Saúde mental ganha protagonismo com nova NR-1 no ambiente corporativo
Atualização da norma exige que empresas passem a mapear riscos psicossociais e adotem medidas concretas para prevenir adoecimentos mentais
A saúde mental vem ganhando espaço no ambiente corporativo nos últimos anos, mas ainda há um longo caminho até que o tema seja tratado com a mesma naturalidade que outras questões de saúde ocupacional. A partir de 26 de maio de 2026, essa mudança deixa de ser apenas uma tendência e passa a ser também uma exigência legal: entram em vigor as atualizações da NR-1 (Norma Regulamentadora nº 1), que incluem, entre outros pontos, a obrigatoriedade de identificar e gerenciar riscos psicossociais no trabalho.
Na prática, isso significa que empresas precisarão olhar com mais atenção para fatores como excesso de carga de trabalho, pressão constante, assédio, falta de autonomia e ambientes tóxicos, elementos que podem contribuir diretamente para quadros de ansiedade, depressão e burnout.
Segundo dados da Organização Mundial da Saúde (OMS), transtornos mentais estão entre as principais causas de afastamento do trabalho no mundo. No Brasil, os afastamentos por esses motivos cresceram significativamente nos últimos anos. O País registrou mais de 534 mil afastamentos do trabalho por transtornos mentais em 2025, um recorde histórico e um crescimento de cerca de 13% em relação ao ano anterior . Segundo dados do Ministério da Previdência Social, no mesmo ano foram concedidos 546 mil benefícios por incapacidade temporária relacionados à saúde mental, com predominância de casos de ansiedade e depressão.
Além disso, os transtornos mentais já representam cerca de 13,6% de todos os afastamentos do trabalho no país, consolidando-se como uma das principais causas de licença médica.
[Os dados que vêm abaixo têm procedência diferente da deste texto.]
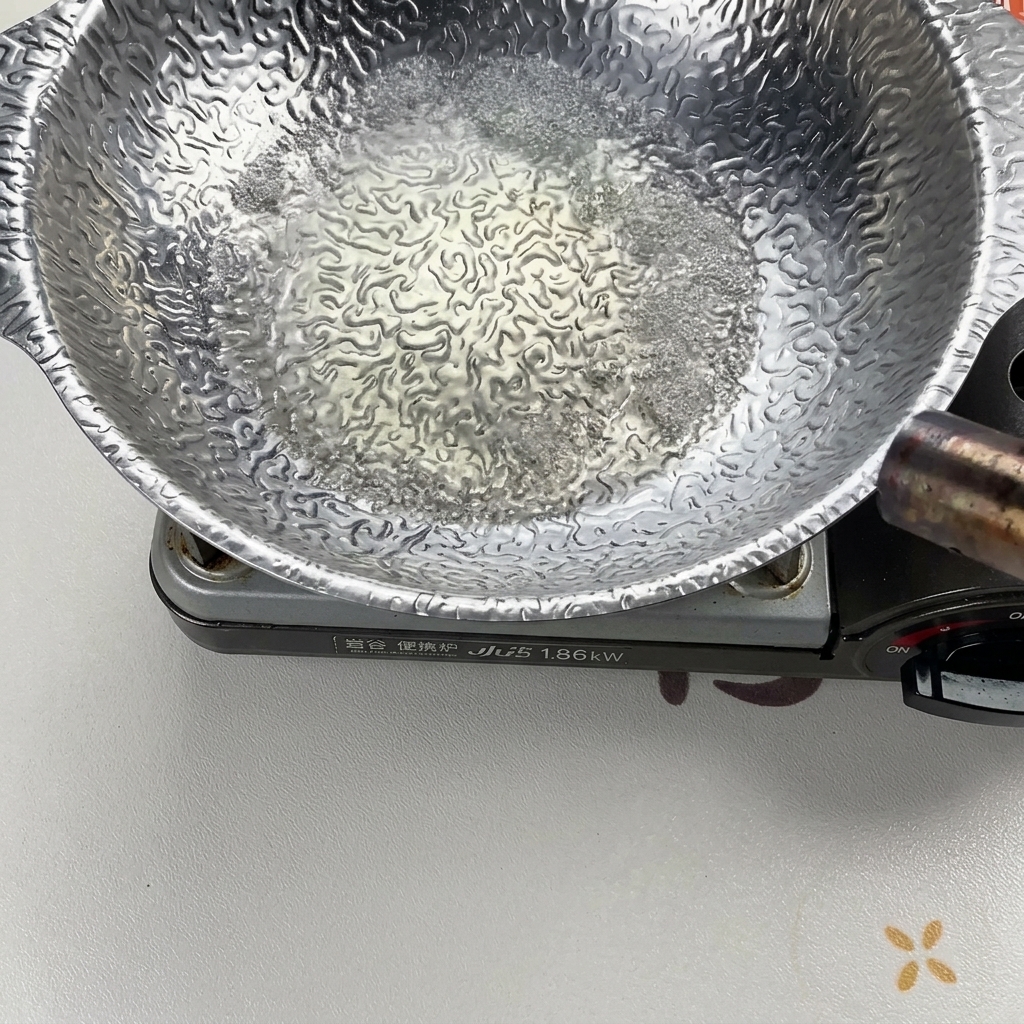 Liquid bubbling vigorously in a silver cooking pot as it is heated and ignited with a torch to remove the alcohol content.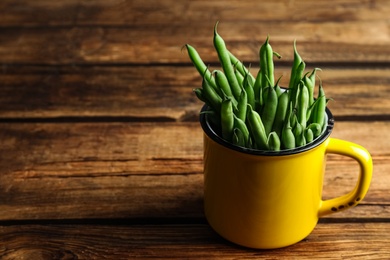Fresh green beans in mug on wooden table, space for text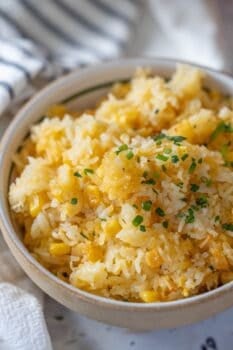 A bowl of Corn Rice, mixed with corn and garnished with chopped herbs, sits on a table with a striped cloth in the background.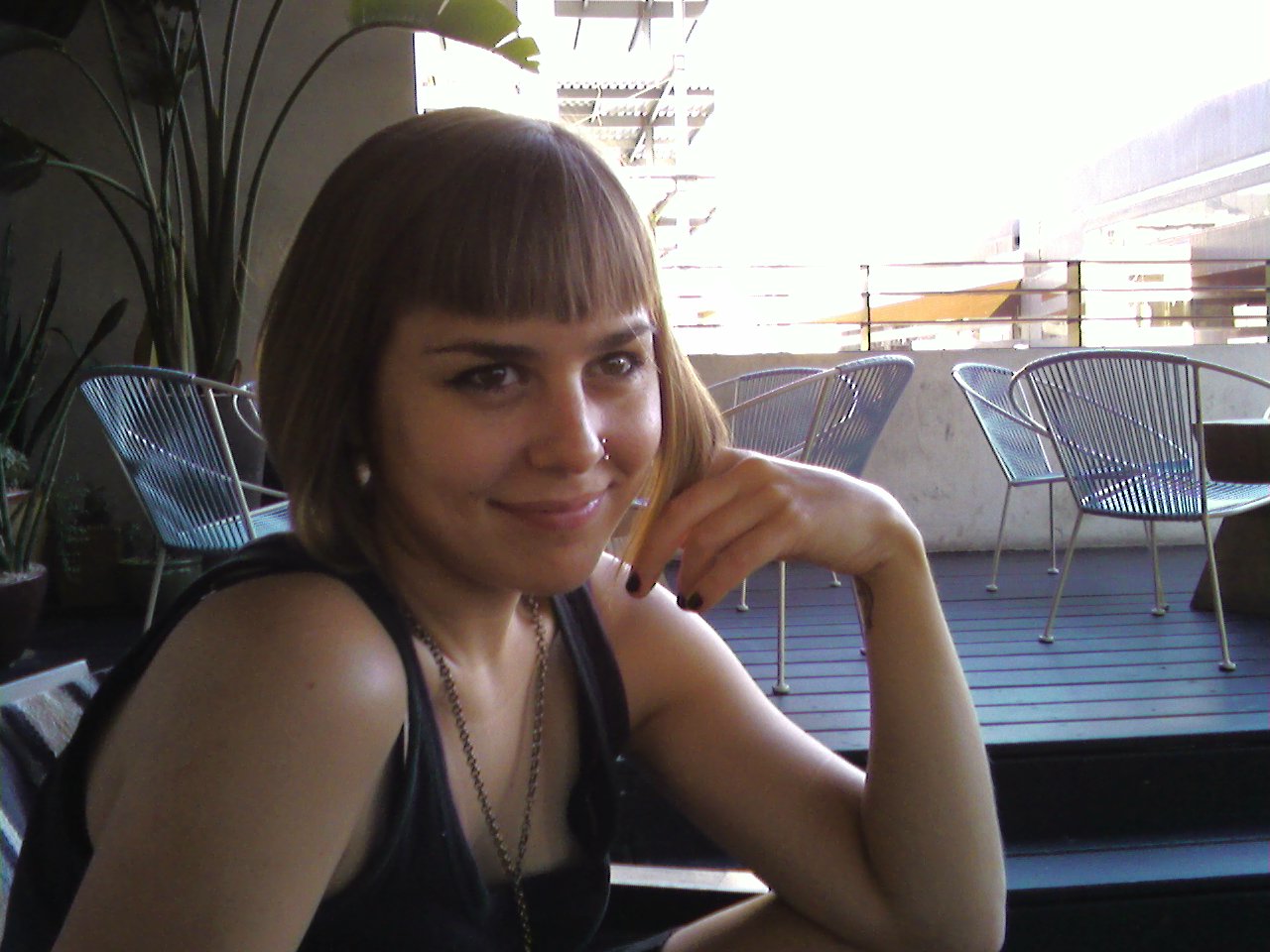 a smiling woman eating food with other chairs and potted plants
“Se uma pessoa está começando a ter problemas psíquicos, o primeiro passo é procurar um profissional de saúde mental para entender de onde vem esse sofrimento. Nem sempre ele está relacionado apenas ao trabalho, mas o ambiente profissional pode ser um fator importante”, explica Danielle Admoni, psiquiatra da infância e adolescência, supervisora na residência de Psiquiatria da Universidade Federal de São Paulo (Unifesp/EPM) e especialista pela Associação Brasileira de Psiquiatria (ABP).
A especialista avalia que a nova NR-1 representa um avanço importante ao reconhecer oficialmente que o trabalho também pode impactar a saúde mental dos colaboradores. “Durante muito tempo, as empresas focaram apenas em riscos físicos, como lesões por esforço repetitivo. Agora, há um entendimento maior de que o bem-estar psíquico também precisa ser cuidado”, afirma.
Além de atender à legislação, investir em saúde mental é estratégico: colaboradores mais saudáveis tendem a ser mais produtivos, faltam menos e permanecem por mais tempo nas empresas.
Ainda assim, a cultura organizacional continua sendo um desafio. Em muitos ambientes, falar sobre sofrimento psíquico ainda é visto com receio, especialmente quando há medo de julgamentos ou prejuízos na carreira.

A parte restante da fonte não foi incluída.